___ DATASET RECORDS ___
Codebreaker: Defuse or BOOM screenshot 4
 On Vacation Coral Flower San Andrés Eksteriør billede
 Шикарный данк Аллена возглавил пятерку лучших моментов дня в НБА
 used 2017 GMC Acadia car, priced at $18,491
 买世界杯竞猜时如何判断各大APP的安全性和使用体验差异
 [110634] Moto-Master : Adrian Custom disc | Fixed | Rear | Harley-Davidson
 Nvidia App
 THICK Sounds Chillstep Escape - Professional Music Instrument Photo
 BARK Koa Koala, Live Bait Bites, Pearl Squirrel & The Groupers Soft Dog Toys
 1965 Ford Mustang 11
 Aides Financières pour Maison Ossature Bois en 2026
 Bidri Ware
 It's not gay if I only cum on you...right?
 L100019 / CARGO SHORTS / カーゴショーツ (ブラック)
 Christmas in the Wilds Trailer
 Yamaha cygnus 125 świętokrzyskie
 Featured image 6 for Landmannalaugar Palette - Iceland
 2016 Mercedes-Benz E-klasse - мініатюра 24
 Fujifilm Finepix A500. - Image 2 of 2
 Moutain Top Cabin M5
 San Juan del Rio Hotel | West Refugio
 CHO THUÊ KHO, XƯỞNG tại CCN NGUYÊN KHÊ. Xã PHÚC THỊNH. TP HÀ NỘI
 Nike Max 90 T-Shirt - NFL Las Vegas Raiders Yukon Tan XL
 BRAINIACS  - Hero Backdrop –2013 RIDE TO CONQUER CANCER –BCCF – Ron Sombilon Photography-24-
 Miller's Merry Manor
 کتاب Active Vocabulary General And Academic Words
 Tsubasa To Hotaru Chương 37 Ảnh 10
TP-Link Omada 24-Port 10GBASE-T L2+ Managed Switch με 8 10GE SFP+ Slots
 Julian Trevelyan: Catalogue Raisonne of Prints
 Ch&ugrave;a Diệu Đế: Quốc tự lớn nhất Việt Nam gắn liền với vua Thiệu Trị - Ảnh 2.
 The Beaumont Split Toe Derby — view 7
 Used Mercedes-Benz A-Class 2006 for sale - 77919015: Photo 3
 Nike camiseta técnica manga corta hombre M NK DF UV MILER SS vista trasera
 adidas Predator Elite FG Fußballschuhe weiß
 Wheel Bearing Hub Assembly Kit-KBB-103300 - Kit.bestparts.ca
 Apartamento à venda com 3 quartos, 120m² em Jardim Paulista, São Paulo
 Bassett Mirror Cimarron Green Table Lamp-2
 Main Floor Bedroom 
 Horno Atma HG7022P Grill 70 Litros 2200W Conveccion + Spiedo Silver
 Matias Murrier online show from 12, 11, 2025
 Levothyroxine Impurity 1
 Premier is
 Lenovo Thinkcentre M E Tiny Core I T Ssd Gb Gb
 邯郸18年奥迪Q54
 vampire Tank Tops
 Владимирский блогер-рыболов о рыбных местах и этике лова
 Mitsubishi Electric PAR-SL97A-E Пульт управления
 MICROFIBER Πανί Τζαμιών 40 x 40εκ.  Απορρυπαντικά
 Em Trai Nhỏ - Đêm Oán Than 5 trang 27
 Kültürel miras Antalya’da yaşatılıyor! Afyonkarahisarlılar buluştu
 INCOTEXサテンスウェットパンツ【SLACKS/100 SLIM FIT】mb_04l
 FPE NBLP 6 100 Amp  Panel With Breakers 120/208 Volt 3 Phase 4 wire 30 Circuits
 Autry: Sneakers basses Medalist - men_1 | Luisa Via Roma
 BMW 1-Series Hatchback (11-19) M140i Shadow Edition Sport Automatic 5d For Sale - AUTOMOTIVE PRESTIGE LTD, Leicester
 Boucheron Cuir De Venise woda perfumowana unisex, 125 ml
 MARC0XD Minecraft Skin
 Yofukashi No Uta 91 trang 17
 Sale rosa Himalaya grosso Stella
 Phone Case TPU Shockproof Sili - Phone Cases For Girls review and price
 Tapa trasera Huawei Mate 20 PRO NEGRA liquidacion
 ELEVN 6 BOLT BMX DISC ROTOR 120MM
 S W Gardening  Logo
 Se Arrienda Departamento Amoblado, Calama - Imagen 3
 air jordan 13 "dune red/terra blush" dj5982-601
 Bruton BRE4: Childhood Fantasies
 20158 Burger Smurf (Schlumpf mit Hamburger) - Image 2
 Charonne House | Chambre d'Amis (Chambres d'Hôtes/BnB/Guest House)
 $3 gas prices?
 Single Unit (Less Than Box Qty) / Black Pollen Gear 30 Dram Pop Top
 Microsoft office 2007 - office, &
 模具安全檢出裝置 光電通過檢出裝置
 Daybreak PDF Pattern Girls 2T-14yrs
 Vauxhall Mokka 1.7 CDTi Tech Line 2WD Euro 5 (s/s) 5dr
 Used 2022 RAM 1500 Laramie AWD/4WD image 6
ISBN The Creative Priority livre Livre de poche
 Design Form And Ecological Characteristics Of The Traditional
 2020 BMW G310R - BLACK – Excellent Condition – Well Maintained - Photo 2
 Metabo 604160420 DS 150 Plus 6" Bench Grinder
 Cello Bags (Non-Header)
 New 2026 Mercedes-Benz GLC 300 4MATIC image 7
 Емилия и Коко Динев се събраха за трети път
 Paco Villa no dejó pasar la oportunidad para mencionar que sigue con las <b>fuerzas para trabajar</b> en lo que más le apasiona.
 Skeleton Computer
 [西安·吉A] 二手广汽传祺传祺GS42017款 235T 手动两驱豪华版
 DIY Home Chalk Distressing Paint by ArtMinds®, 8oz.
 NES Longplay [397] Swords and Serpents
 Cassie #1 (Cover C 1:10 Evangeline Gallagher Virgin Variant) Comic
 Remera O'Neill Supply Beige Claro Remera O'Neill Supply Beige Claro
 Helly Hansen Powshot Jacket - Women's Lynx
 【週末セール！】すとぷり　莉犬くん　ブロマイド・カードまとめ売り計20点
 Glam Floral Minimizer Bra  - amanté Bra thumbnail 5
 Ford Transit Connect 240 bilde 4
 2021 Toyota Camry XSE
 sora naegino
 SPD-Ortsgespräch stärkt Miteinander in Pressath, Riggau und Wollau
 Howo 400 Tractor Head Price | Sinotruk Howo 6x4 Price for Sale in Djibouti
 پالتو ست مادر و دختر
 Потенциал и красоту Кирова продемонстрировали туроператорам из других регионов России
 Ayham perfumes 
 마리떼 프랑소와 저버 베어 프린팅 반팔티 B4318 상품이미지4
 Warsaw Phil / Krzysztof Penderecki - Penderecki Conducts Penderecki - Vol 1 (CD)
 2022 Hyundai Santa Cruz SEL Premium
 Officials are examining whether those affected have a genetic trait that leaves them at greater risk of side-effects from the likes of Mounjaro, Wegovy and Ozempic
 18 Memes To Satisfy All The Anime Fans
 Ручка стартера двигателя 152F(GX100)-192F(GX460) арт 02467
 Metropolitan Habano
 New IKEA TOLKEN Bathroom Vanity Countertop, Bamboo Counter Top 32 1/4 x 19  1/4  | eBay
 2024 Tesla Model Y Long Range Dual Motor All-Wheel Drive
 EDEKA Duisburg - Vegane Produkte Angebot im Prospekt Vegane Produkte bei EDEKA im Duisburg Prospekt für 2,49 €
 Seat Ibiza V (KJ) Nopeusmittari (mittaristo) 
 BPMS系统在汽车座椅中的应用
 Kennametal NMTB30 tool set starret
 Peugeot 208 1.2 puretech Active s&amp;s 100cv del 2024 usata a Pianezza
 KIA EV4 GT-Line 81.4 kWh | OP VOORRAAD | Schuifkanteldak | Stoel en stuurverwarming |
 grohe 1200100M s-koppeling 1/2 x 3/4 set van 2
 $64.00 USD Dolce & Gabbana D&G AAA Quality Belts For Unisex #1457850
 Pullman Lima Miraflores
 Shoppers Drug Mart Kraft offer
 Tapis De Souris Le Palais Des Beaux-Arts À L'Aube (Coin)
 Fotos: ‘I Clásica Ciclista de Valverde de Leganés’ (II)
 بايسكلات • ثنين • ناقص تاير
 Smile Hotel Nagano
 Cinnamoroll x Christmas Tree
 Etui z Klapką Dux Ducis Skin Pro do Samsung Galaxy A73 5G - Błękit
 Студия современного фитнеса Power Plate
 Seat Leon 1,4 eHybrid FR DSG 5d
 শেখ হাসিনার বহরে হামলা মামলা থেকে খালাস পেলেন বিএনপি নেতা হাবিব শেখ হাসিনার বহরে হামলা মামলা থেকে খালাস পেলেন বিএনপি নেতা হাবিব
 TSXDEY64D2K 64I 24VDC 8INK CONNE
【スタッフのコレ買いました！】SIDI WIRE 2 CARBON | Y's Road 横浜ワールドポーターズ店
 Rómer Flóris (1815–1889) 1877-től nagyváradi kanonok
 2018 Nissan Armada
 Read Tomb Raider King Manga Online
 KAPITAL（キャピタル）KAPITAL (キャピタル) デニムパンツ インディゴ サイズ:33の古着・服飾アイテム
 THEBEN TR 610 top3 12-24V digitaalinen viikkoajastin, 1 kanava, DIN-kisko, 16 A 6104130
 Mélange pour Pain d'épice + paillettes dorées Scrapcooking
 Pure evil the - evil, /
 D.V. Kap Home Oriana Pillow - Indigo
___
** YOUR GOAL **
A word-for-word restatement of the records above from the line containing "Cinnamoroll x Christmas Tree" to their final line is all the answer should hold.

** WRITTEN RESPONSE **
 Cinnamoroll x Christmas Tree
 Etui z Klapką Dux Ducis Skin Pro do Samsung Galaxy A73 5G - Błękit
 Студия современного фитнеса Power Plate
 Seat Leon 1,4 eHybrid FR DSG 5d
 শেখ হাসিনার বহরে হামলা মামলা থেকে খালাস পেলেন বিএনপি নেতা হাবিব শেখ হাসিনার বহরে হামলা মামলা থেকে খালাস পেলেন বিএনপি নেতা হাবিব
 TSXDEY64D2K 64I 24VDC 8INK CONNE
【スタッフのコレ買いました！】SIDI WIRE 2 CARBON | Y's Road 横浜ワールドポーターズ店
 Rómer Flóris (1815–1889) 1877-től nagyváradi kanonok
 2018 Nissan Armada
 Read Tomb Raider King Manga Online
 KAPITAL（キャピタル）KAPITAL (キャピタル) デニムパンツ インディゴ サイズ:33の古着・服飾アイテム
 THEBEN TR 610 top3 12-24V digitaalinen viikkoajastin, 1 kanava, DIN-kisko, 16 A 6104130
 Mélange pour Pain d'épice + paillettes dorées Scrapcooking
 Pure evil the - evil, /
 D.V. Kap Home Oriana Pillow - Indigo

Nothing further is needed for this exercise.